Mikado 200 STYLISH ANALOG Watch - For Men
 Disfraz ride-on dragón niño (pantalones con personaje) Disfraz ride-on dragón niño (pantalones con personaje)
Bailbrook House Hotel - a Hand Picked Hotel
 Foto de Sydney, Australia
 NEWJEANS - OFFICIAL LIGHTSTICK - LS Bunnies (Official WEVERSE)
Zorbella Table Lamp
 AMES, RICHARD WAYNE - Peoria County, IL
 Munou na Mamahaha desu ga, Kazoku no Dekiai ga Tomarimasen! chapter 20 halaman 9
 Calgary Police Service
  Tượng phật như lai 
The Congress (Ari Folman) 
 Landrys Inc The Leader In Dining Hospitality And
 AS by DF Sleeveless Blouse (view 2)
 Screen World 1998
****
Repeat the data. Leave nothing out and change nothing.

* Solution below:
Mikado 200 STYLISH ANALOG Watch - For Men
 Disfraz ride-on dragón niño (pantalones con personaje) Disfraz ride-on dragón niño (pantalones con personaje)
Bailbrook House Hotel - a Hand Picked Hotel
 Foto de Sydney, Australia
 NEWJEANS - OFFICIAL LIGHTSTICK - LS Bunnies (Official WEVERSE)
Zorbella Table Lamp
 AMES, RICHARD WAYNE - Peoria County, IL
 Munou na Mamahaha desu ga, Kazoku no Dekiai ga Tomarimasen! chapter 20 halaman 9
 Calgary Police Service
  Tượng phật như lai 
The Congress (Ari Folman) 
 Landrys Inc The Leader In Dining Hospitality And
 AS by DF Sleeveless Blouse (view 2)
 Screen World 1998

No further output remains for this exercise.